V.'s dream is a strange jumble of Freudian imagery and desperate rambling. Given Nabokov's well-documented dislike for Freudian imagery and analysis, once again one might plausibly suggest that V. has begun to depart from the truth. Between his overdramatic description of the prophetic dream that convinced him to rush to his brother's side, and the ridiculous obstacles that met him on his path (a journey extremely reminiscent of an earlier description of the police detective's journey in The Prismatic Bezel), it seems extremely likely that V. has invented his traumatic journey to disguise the fact that he ignored his brother's letter, prioritized his work over the possibility of a real illness, and simply arrived too late to bring Sebastian any comfort.
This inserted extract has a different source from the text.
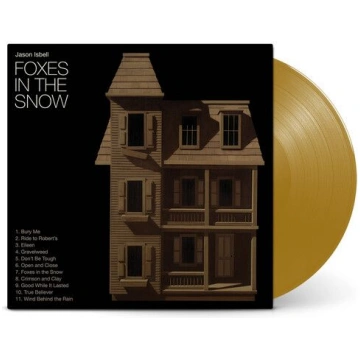 Jason Isbell "Foxes In The Snow" *Indie Exclusive,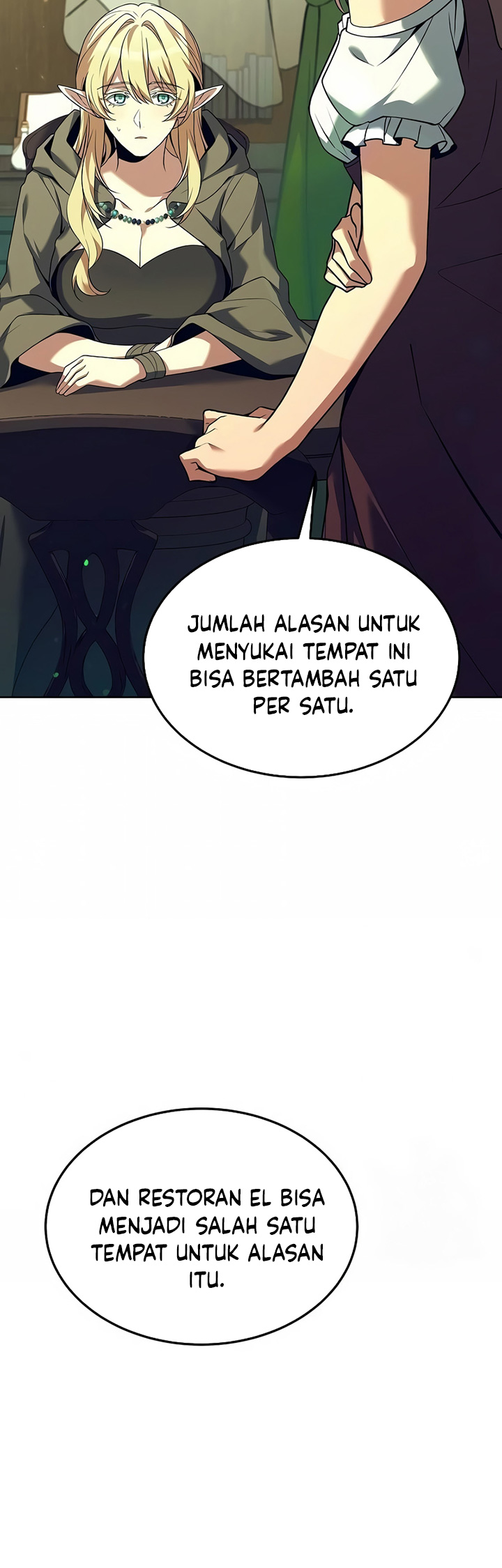 Archmage Restaurant Chapter 07 Gambar 49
At the end of the novel, V.'s mask seems to slip, at least momentarily. He seems completely unaffected by his pointless visit to Sebastian's bedside. After all, while he believed he was sitting by Sebastian, he felt totally at peace. This peace was not affected when he learned that Sebastian was already dead. He speaks strangely about suddenly feeling as if he has captured Sebastian's soul, and in one sense his words ring true. V. has learned the power of the writer: by writing Sebastian's life, he has taken possession of it. Despite his title, he doesn't care whether or not the Sebastian he has described has any "real" relation to the man. After all, he is dead, and those who write his life can almost claim to have lived it; no one has much authority to say otherwise. Once again V. makes reference to Mr. Goodman, "the flat-footed buffoon, with his dicky hanging out of his waistcoat," but this time the jibe falls flat. Whether he recognizes it or not, V. has become Mr. Goodman as well as Sebastian. He has used the life of a famous man to pry himself into prominence. That Sebastian was his brother does not excuse the act -- it renders it all the more treacherous. If anything excuses V., in the end, it is that his chanelling of Sebastian results in some smart, interesting prose -- and a rather disturbing glimpse at the jealous, sentimental huckster who is V.